Some of the Koreans come because a parent has found a job in Los Angeles. But when just a mother arrives with her children, they're usually here for the school. Jihyun Lee brought her children over last year.
"[My husband] wanted [our kids] to come to a more globalized place, so that their minds become more globalized, larger," Lee says through a translator.
Lee says her kids are here not only to learn English, but also to gain a special edge when they go back home. Lee's Korean-American friend, Diana Park, explains that having lived in America carries significant status.
"If you do not have the American experience and you live in Korea, it's not the same as people who've been here," Park says. "They treat you differently in Korea if you say you've been in America."
Reading, Writing And Recess
And there's something else: Many of these goose parents — including Lee — say they're also here to get away from Korean schools.
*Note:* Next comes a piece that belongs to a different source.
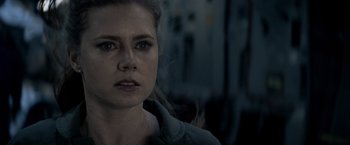 Movie still from “Man of Steel” (2013), directed by Zack Snyder – A person wearing a jacket with smoke coming out of it; Close Up shot, Over the shoulder angle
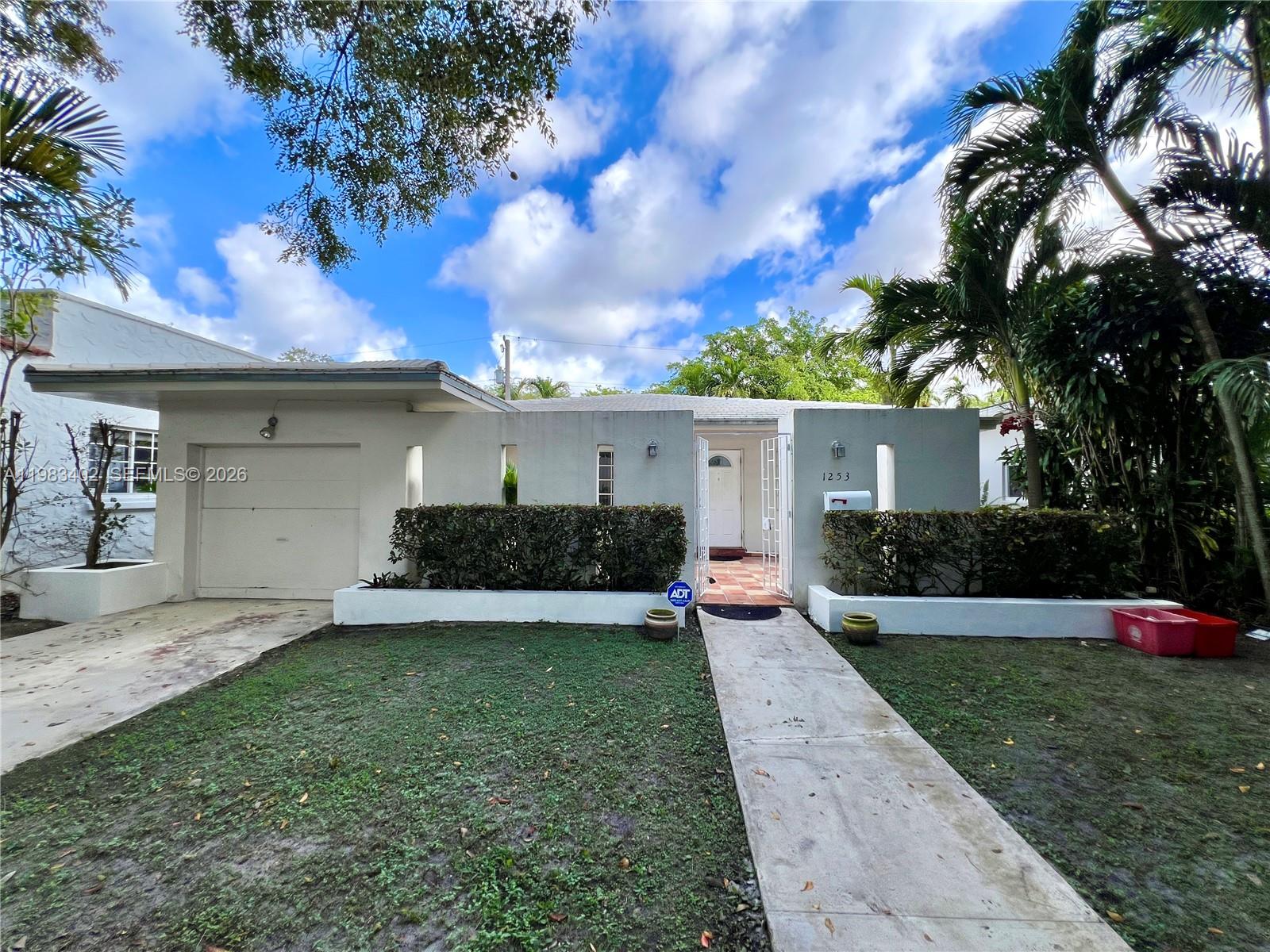 Located on a beautiful tree lined street in one of Coral Gables’ most charming neighborhoods, this 3 bedroom, 3 bath residence offers a rare opportunity to create your dream home just minutes from downtown Coral Gables. The home is in comfortable living condition with solid bones and a functional layout, providing the perfect canvas for a buyer to update and make it their own. Features include a durable tile roof installed in 2009 and a location in Flood Zone X. Set on a quiet, low-traffic street surrounded by mature trees and classic Gables architecture, this property combines timeless character, an exceptional location, and tremendous upside potential.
"Although the academics in Korea are more rigorous, there's no creative mind there," says Park, translating for Lee. "Everything's rote memorization, and it's purely academic — there's no individual thought in their teaching."
Goose family migration combines educational ambition with a desire for leisure. To be blunt, for these Korean kids, American schools represent a chance to relax a little. When Lee asked her kids what they liked about their first year in an American school, the first thing they said was "recess."
"Apparently they don't have recess in Korea," Park adds. "They get time to eat and that's it, and then I think right after school they go to another after-school program. So they don't really get any recess or any time to play."
The American parents at the school are proud of its above-average standardized test scores, so it can be a little disconcerting to hear that the Korean kids see it as a place to kick back.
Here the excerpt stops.